I was thru that town last year, it's very frightning to see that amount of damage. I was monitoring the spotternetwork yesterday and there were a lot of chasers all around that area. Maybe we as a community can converge there and lend a hand.
Today's batch of tornadoes nearly paralleled the Friday night event, so it will be extremely difficult to differentiate tornadoes that occurred on Friday from tornadoes that occurred on Saturday. Will be interesting to see what DDC comes out with in the coming days.
That radar loop from page 2 is unreal. Notice how the hook appears to turn into a "ball" just as it crosses over Greensburg. The reflectivity values also increase sharply as it passes over the town. Somehow I never noticed that the night of the event while watching the single scan updates on GR Level 3 but I am now convincved that was a debris ball showing up while the tornado was crossing the town.

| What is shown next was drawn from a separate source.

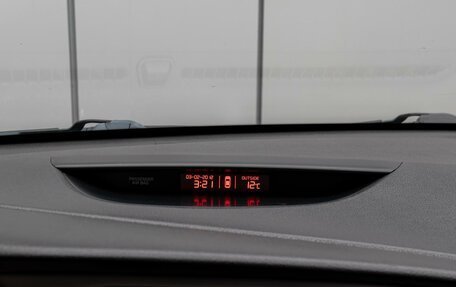 KIA cee'd III, 2013 год, 920 000 рублей, 13 фотография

Good advice in general, but the Greensburg couplet was so well defined base velocity resolved it just fine. I usually keep GR 3 running for the duration of severe weather events on several different radar site and save hundreds of images in several different modes including base reflectivity, base reflectivity with storm attribute overlays, base reflectivity smoothed, base velocity, and storm relative velocity tilt 1 and 2.
I'd be curious as to what closer meterological study of this event reveals as what made conditions so perfect for such a violent tornado. After all there have been plenty of very destructive tornadoes between May 4, 1999 and May 3, 2007, but none that quite reached this level of violence. I used to remark after seeing damage from some of the most significant tornadoes of 2005/2006 that if that's not F5 damage, nothing is anymore, but after seeing what's left of Greensburg I can see that there is something uniquely devastating about this tornado. However, on the face of it there didn't seem to be anything different about Friday than other classic severe weather setups in recent years that "just" produced (E)F3-4 tornadoes.